Cerebral arteriovenous malformations (AVMs) are tangles of abnormal vessels with early arteriovenous (AV) shunting that can lead to intracerebral hemorrhage, seizures, neurologic deficit, or headache. To date, only a few cases of carcinomas metastasizing to pre-existing cerebral AVMs have been reported in the literature. However, renal clear cell carcinoma (RCC) brain metastases that exhibit early AV shunting, where AVM pathology is not present, are extremely rare. We report a very rare case of early AV shunting phenomenon in RCC brain metastasis. This is a case of a 57-year-old man with no prior medical history who presented to the emergency department with an acute onset headache and speech difficulties. Contrast-enhanced computed tomography of the head revealed a left temporal intracerebral hemorrhage with a vascular nidus adjacent to the hematoma.

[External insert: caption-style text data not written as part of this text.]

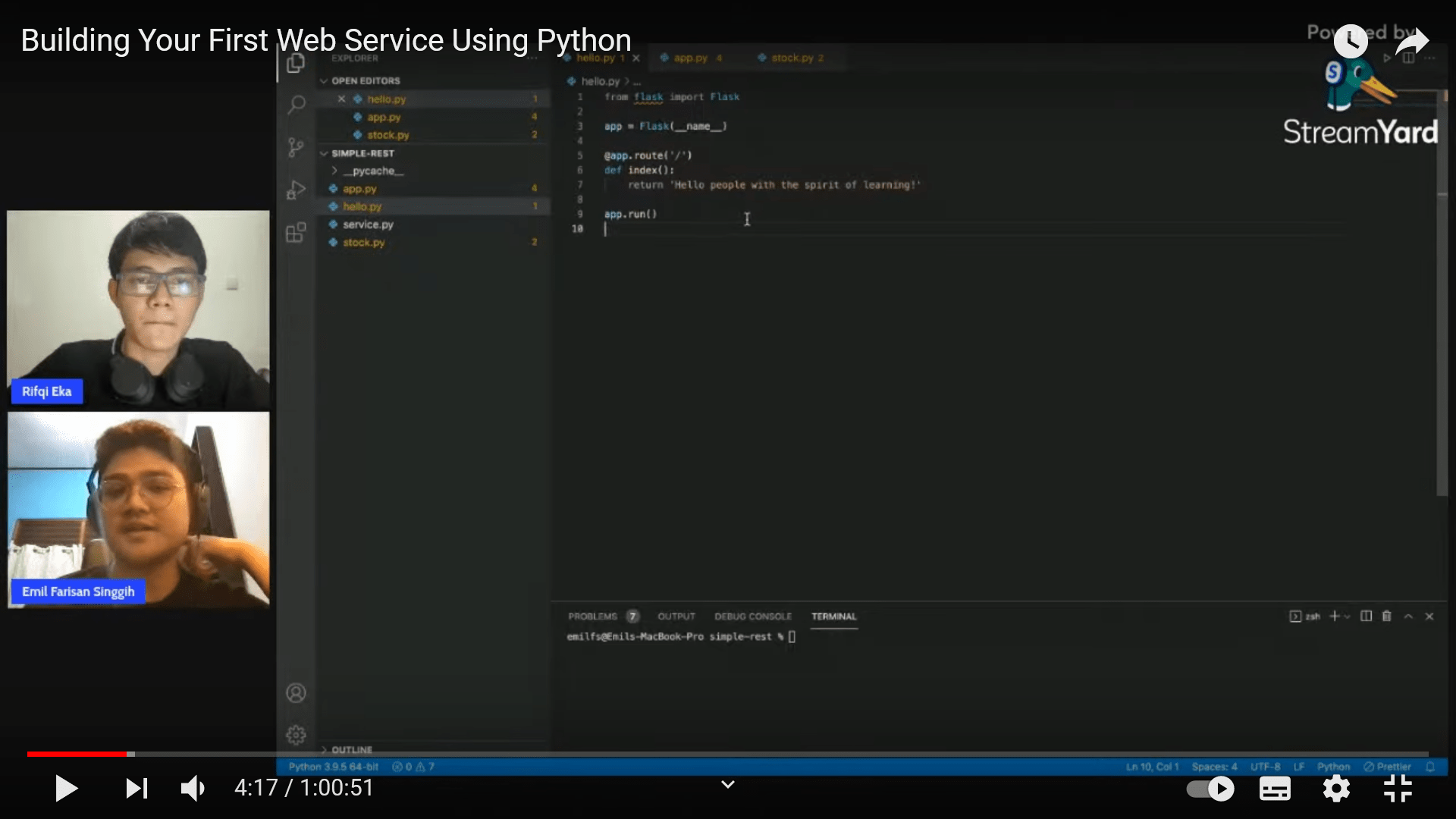 Webinar Building Your First Web Service Using Python di BuildWithAngga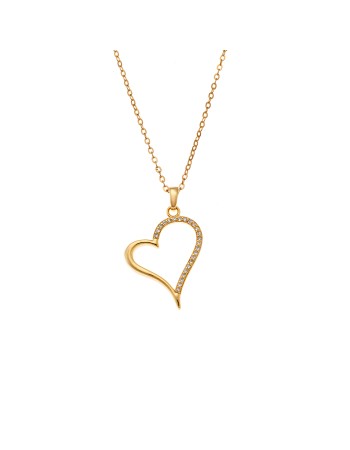 Μενταγιόν Senza από επιχρυσωμένο ασήμι 925, Περίγραμμα Καρδιάς - SSR4307GD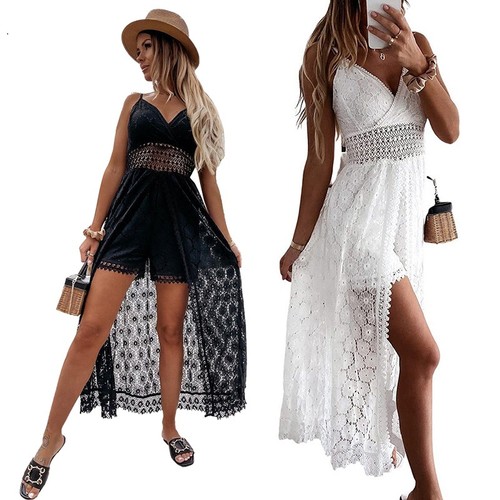 Damen maxikleid boho spitze - damen,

A diagnostic cerebral angiogram (DSA) showed a Spetzler-Martin grade II AVM in the left para-Sylvian region, supplied by middle cerebral arteries with a superficial draining vein. Gadolinium-enhanced brain MRI revealed evolving methemoglobin and a small compact nidus adjacent to the hematoma in the distal left Sylvian fissure. The patient was stable until day 17 after hospital admission, when he deteriorated due to an interval repeat hemorrhage, requiring surgical excision of the AVM and the hematoma. Postoperative DSA revealed no residual shunting and complete resection of the AVM. However, there was a further re-bleed postoperatively, necessitating a second surgery. Pathology revealed an RCC without any specific pathological features indicative of an AVM. The patient recovered to his baseline but died in less than a year due to the progression of metastatic disease. In conclusion, RCC can exhibit an early AV shunting phenomenon, with the presence of enlarged, tortuous, pathologic nidal-like tumor-feeding vessels, which can mimic an AVM, which is extremely rare. This phenomenon poses significant treatment challenges, as the treatment goals are completely different for AVMs and metastatic disease.